Mais l'échec américain dans le projet d'expansion d'un modèle universel dont les USA seraient l'incarnation – ou pour le dire plus simplement encore, l'incroyable montée de l'antiaméricanisme après le 11 Septembre 2001- n'implique pas l'inefficacité de leur politique d'influence économique. Elle fonctionne souvent, qu'il s'agisse de présence active dans les organisations internationales, de lobbying, de production de normes techniques ou du « soft law », (les règles-types et codes généraux faisant l'objet d'un engagement volontaire, meilleures pratiques, …).

Par ailleurs, il serait très réducteur de penser la question de l'influence uniquement en termes d'influence américaine (plus ou moins assimilée à celle du libéralisme ou de la mondialisation).

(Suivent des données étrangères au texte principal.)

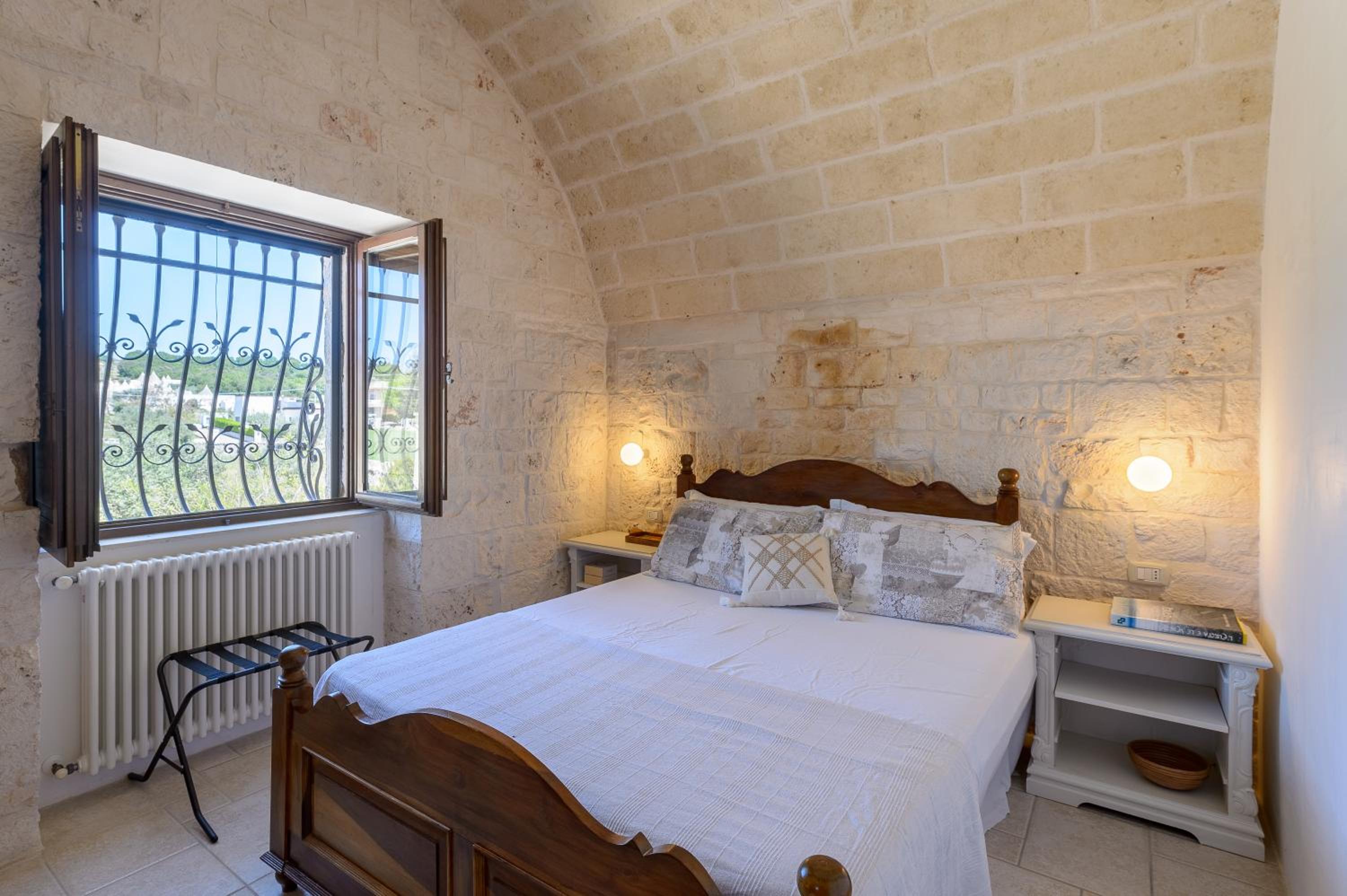 Trulli Nigri Holidays with private swimming pool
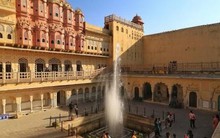 “Cung điện gió” Hawa Mahal đi trước thời đại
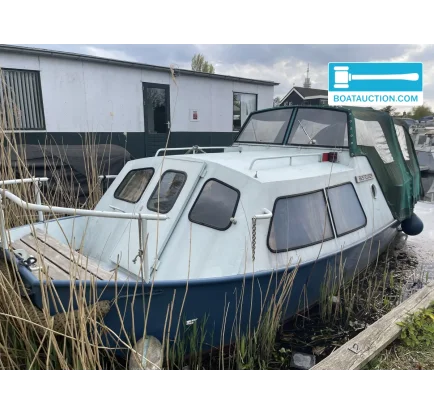 Bateau à moteurs d'occasion Doerak 600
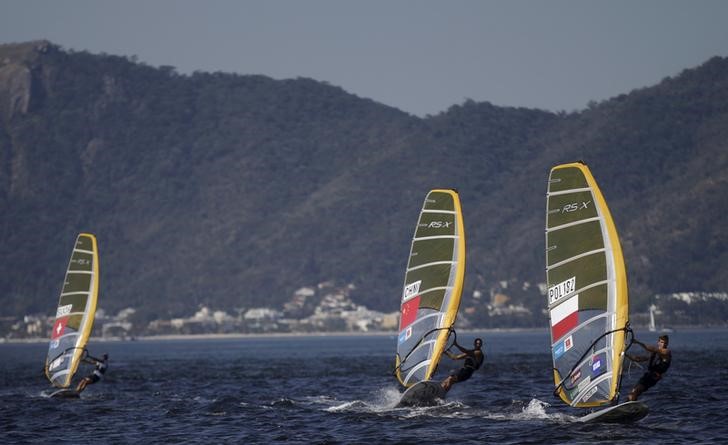 © Reuters. Competidores da classe RS-X durante evento-teste para os Jogos Olímpicos do Rio de Janeiro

Comme l'a montré la prolifération des chaînes internationales d'information par satellites, qui sont souvent des outils d'influence assumés (al Jazeera, Tv Sur, CCN, Russia Today ou France 24 pour la France…), il n'y a pas de monopole américain en ce domaine. Par ailleurs, il serait temps de s'intéresser à des politiques d'influence balbutiantes ou que nous percevons mal comme celle de la Chine et de l'Inde. Par dépit, peut-être de ne pouvoir parler d'une politique d'influence européenne…

Enfin la privatisation de l'influence, que ce soi au profit des médias ou des ONG et autres groupes d'influence, sans parler du terrorisme qui est après tout un mode d'influence par l'horreur, est un facteur déterminant des futures politiques nationales.